(Dataset entries)
------------------------------------

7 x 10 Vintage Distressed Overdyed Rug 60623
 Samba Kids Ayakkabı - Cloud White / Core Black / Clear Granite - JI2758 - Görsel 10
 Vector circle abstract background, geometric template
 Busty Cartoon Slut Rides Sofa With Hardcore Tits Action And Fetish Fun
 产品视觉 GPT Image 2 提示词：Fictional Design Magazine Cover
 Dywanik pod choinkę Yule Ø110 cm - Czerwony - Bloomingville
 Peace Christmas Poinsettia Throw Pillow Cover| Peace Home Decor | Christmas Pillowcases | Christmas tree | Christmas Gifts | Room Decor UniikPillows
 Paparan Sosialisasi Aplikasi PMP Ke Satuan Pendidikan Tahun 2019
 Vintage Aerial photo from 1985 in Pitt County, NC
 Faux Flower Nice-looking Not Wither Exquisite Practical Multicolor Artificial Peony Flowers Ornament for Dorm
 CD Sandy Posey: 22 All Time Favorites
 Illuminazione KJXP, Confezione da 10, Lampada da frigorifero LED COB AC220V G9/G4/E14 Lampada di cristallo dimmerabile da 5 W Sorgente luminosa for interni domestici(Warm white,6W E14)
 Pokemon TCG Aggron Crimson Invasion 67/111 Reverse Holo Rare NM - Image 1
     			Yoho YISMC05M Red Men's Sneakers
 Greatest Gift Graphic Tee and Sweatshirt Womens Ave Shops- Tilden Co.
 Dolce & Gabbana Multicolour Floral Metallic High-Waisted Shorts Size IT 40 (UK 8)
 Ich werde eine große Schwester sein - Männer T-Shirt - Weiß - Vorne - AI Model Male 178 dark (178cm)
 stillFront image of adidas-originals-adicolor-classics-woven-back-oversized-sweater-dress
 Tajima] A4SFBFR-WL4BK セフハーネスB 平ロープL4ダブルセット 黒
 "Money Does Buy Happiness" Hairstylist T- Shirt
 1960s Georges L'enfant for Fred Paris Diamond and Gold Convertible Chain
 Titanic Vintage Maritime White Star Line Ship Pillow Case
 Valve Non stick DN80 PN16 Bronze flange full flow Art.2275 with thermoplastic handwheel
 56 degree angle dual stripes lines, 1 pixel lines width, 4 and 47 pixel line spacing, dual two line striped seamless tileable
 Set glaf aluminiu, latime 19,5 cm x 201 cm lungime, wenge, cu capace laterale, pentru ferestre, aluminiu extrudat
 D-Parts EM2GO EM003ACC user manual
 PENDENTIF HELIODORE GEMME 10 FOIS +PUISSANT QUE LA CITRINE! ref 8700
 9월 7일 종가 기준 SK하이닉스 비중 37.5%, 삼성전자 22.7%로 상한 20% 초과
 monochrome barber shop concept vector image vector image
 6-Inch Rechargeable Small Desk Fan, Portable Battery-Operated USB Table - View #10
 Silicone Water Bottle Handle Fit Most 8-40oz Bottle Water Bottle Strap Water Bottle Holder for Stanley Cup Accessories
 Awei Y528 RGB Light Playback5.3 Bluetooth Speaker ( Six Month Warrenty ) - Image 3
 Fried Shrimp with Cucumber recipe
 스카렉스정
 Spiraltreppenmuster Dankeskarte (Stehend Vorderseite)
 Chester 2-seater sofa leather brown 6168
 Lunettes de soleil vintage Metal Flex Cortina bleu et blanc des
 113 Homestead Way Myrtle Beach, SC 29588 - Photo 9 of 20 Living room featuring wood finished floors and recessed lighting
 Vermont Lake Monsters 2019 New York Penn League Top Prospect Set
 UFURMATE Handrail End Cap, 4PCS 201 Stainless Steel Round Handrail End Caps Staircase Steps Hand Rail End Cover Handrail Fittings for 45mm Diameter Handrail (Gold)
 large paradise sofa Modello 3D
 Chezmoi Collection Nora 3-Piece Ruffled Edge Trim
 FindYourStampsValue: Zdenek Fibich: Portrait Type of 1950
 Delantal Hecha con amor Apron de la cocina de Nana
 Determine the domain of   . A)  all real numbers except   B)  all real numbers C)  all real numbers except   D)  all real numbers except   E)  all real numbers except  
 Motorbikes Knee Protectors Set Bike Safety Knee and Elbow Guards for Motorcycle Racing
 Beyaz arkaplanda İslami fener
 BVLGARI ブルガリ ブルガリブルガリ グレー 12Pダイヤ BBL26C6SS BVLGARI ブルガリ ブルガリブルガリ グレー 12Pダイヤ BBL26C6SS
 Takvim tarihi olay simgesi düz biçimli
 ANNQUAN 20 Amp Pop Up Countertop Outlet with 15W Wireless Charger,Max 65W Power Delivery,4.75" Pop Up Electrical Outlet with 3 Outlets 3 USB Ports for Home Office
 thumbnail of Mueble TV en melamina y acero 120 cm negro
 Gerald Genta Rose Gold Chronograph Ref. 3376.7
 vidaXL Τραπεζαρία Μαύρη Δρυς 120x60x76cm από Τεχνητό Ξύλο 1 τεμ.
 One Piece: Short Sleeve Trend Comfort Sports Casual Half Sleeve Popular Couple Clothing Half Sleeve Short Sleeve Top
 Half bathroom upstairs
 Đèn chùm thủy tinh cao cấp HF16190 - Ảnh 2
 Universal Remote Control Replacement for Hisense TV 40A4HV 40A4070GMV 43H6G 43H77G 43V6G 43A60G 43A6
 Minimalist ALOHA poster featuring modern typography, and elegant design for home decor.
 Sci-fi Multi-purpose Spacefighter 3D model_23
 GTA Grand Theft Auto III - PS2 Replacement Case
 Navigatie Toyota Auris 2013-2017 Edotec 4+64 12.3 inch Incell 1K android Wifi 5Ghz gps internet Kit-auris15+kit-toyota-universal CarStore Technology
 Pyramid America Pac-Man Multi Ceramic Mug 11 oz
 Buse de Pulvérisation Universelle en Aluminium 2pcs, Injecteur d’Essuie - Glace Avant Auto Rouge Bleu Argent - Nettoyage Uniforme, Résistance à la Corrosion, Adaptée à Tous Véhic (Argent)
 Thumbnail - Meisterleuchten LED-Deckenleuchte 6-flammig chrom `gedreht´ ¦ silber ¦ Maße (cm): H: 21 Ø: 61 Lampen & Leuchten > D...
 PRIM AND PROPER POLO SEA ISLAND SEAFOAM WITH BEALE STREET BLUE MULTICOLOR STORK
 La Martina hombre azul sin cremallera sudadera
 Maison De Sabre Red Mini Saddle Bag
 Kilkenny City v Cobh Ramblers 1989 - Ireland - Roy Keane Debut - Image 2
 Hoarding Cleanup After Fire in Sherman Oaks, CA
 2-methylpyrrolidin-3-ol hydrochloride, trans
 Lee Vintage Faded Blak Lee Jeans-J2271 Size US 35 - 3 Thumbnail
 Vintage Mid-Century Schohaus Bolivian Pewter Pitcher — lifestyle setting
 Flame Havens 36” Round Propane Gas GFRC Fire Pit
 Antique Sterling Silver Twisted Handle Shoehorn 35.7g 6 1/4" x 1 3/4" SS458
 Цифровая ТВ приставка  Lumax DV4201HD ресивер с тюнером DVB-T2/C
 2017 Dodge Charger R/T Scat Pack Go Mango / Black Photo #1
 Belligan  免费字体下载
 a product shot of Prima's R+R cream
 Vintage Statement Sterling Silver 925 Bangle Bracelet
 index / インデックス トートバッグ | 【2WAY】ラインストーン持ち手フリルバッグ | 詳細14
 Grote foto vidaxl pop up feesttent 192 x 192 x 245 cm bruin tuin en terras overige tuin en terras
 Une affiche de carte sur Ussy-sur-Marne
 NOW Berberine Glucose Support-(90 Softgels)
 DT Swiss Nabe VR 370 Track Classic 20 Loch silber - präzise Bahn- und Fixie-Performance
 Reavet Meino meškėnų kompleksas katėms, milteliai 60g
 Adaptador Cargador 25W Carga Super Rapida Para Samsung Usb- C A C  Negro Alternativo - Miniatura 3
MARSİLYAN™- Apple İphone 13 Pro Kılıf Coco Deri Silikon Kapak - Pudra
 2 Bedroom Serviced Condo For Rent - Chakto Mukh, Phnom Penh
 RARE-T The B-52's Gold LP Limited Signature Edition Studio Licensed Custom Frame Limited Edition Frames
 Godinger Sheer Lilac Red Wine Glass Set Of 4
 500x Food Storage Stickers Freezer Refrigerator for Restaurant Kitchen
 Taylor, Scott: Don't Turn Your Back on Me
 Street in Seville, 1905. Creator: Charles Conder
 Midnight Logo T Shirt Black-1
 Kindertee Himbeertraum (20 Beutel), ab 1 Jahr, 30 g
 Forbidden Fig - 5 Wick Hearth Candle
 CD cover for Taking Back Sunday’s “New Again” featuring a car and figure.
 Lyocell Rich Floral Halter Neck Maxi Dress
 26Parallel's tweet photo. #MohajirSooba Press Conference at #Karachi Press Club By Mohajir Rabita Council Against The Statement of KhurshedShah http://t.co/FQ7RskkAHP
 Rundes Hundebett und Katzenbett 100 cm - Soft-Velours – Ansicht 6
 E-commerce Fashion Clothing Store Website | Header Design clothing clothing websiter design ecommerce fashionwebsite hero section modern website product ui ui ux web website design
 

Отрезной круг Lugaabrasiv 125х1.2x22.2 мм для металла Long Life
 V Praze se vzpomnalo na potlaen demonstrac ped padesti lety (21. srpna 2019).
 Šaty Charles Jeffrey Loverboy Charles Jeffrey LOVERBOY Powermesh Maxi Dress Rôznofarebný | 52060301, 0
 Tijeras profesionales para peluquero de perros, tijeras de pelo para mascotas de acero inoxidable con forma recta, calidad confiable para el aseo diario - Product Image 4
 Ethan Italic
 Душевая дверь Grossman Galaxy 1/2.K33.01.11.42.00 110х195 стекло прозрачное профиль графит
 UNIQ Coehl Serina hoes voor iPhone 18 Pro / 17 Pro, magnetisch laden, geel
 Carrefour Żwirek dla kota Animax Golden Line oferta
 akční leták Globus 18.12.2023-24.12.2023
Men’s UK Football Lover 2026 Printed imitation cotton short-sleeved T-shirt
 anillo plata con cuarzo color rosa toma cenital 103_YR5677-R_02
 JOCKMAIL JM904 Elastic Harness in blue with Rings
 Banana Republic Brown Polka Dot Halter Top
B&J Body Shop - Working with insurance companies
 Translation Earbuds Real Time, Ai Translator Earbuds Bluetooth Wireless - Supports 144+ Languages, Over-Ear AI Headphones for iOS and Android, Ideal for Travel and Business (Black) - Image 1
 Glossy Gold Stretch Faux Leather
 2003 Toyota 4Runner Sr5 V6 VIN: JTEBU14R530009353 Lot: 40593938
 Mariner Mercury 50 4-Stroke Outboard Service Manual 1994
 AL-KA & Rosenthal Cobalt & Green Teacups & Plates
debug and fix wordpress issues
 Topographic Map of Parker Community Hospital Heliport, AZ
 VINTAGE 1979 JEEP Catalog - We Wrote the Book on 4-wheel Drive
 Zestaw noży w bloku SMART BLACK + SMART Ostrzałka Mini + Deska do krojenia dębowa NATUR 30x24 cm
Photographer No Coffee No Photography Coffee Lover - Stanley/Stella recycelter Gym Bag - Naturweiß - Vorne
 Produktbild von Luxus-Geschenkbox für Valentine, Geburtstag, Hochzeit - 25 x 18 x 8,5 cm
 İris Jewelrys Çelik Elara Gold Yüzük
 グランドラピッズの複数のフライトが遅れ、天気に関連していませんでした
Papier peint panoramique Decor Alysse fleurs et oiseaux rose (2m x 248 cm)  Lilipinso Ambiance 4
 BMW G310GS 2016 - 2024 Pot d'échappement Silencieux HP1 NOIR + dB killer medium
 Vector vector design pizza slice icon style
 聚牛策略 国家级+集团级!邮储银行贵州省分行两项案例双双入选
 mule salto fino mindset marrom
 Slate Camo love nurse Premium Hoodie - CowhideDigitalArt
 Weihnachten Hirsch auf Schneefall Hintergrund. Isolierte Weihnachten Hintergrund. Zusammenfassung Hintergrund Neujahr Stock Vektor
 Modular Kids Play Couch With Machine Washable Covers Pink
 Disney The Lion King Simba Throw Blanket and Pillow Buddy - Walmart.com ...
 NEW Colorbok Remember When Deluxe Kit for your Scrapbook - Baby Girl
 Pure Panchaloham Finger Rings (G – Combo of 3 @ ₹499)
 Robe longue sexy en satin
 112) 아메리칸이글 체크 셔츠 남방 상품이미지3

------------------------------------

REQUIREMENT — Look through the records and copy down every line that holds "modern".

RESPONSE AREA —
 Minimalist ALOHA poster featuring modern typography, and elegant design for home decor.
 E-commerce Fashion Clothing Store Website | Header Design clothing clothing websiter design ecommerce fashionwebsite hero section modern website product ui ui ux web website design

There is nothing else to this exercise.